Task item →
Within the listing below, give again exactly the lines between the one containing "bedroom with ceiling" and the one containing "Dive into a", inclusive, pictures left aside.

Extracted entries →
###
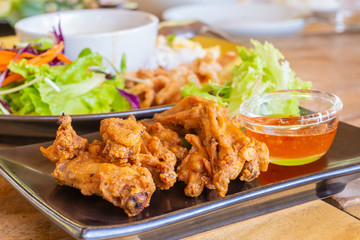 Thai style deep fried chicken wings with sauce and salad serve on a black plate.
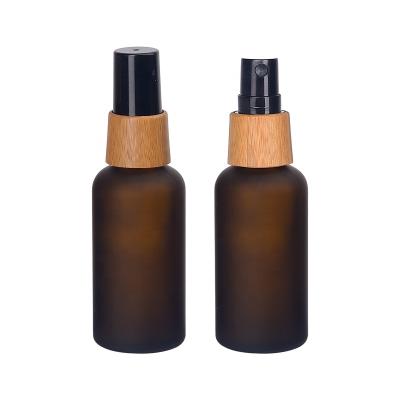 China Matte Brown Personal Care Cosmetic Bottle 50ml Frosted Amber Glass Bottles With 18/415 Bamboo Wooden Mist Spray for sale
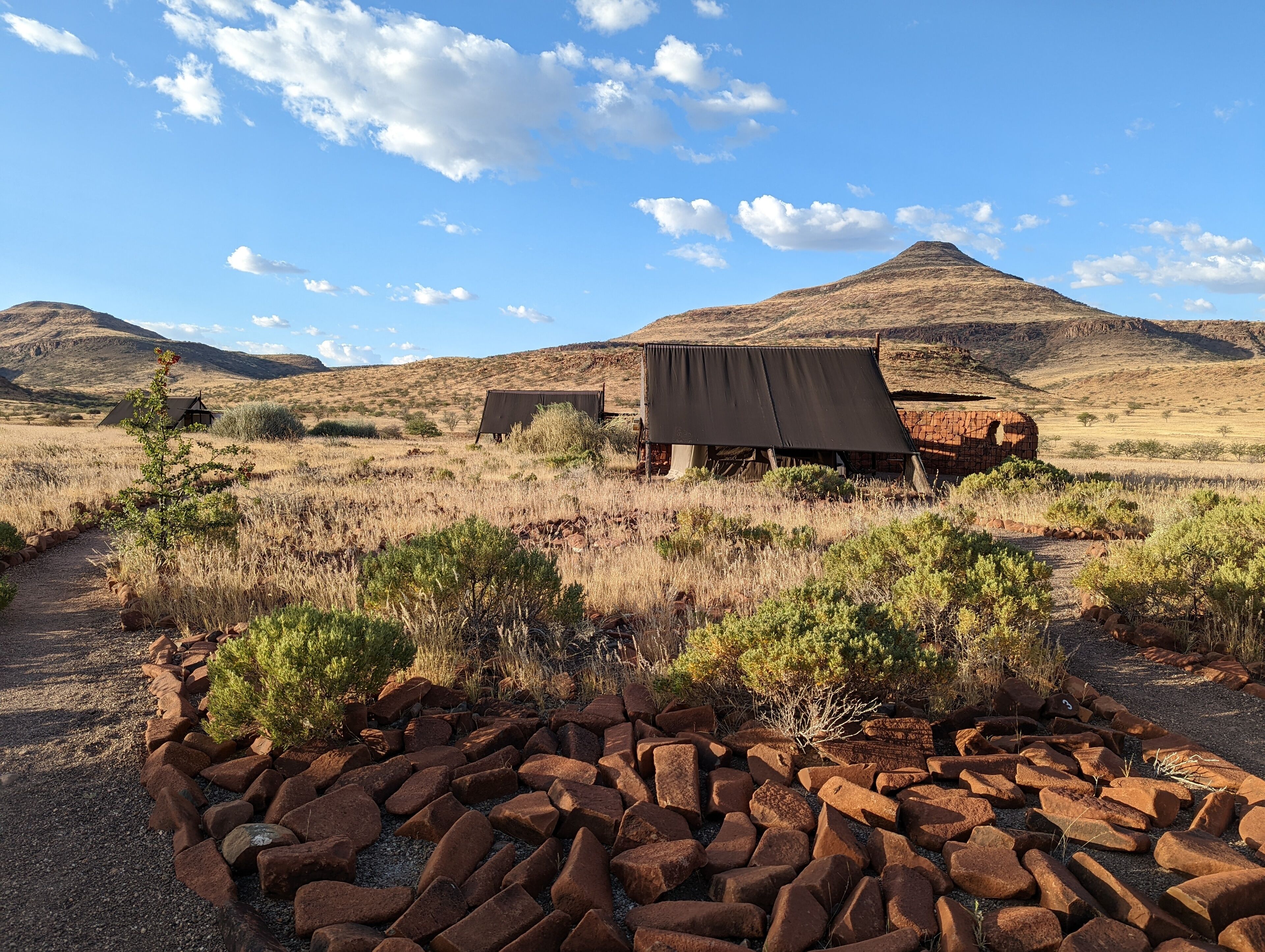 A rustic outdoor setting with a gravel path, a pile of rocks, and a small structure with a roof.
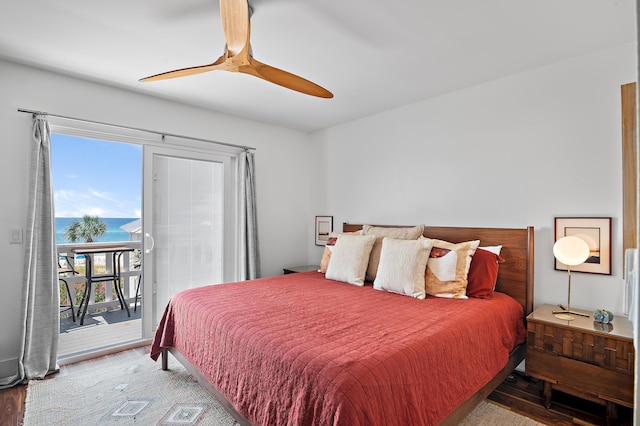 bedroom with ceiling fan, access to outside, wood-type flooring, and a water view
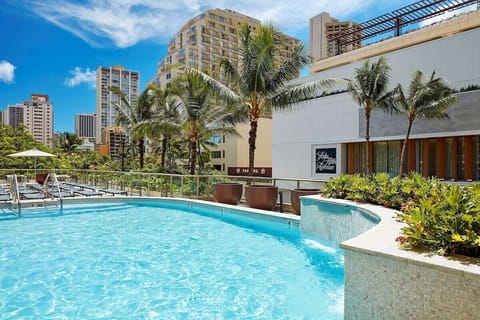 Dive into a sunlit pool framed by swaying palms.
###
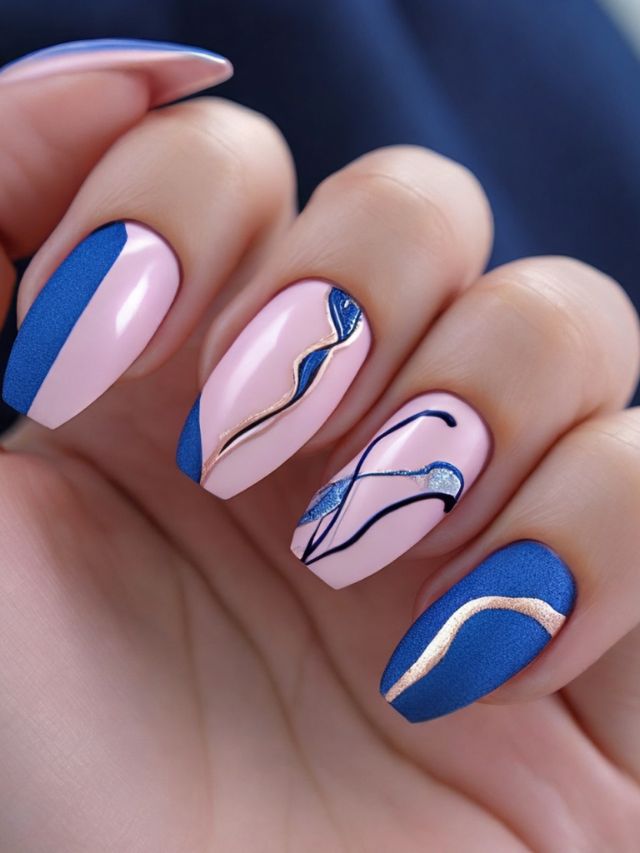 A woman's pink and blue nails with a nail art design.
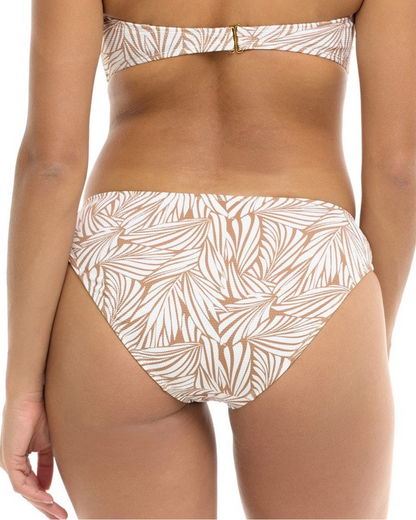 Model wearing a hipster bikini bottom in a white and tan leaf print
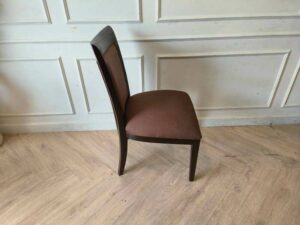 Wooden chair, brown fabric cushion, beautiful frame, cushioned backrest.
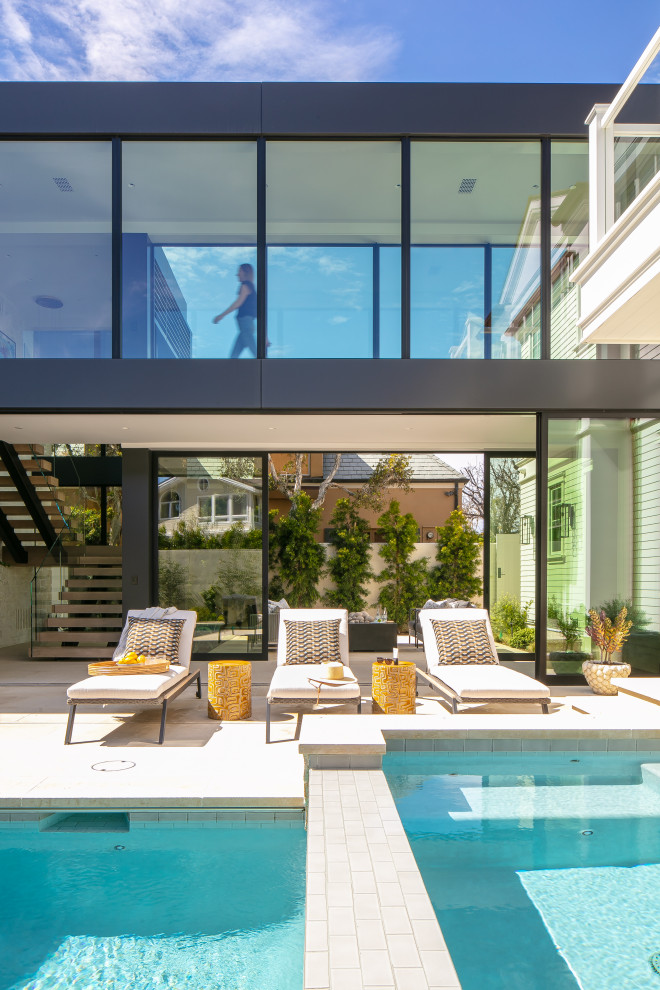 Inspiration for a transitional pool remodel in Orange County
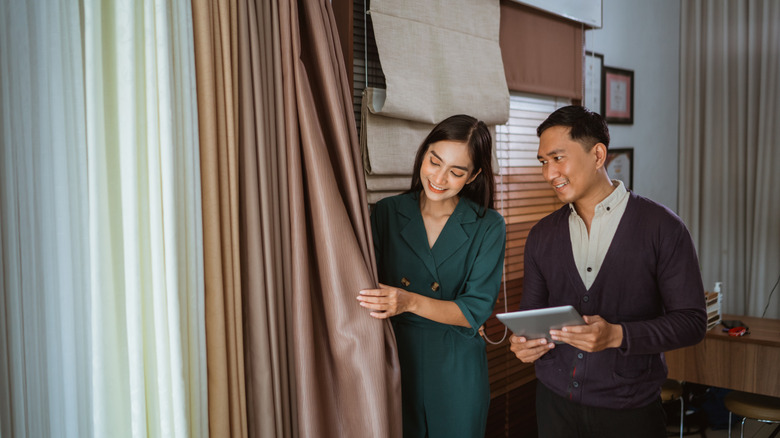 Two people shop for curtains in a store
###
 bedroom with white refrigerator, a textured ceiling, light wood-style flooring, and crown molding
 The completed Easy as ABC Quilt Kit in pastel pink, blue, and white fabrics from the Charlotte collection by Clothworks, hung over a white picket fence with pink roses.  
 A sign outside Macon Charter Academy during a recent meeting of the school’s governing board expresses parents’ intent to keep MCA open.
###
Result of this task →
 bedroom with ceiling fan, access to outside, wood-type flooring, and a water view
 Dive into a sunlit pool framed by swaying palms.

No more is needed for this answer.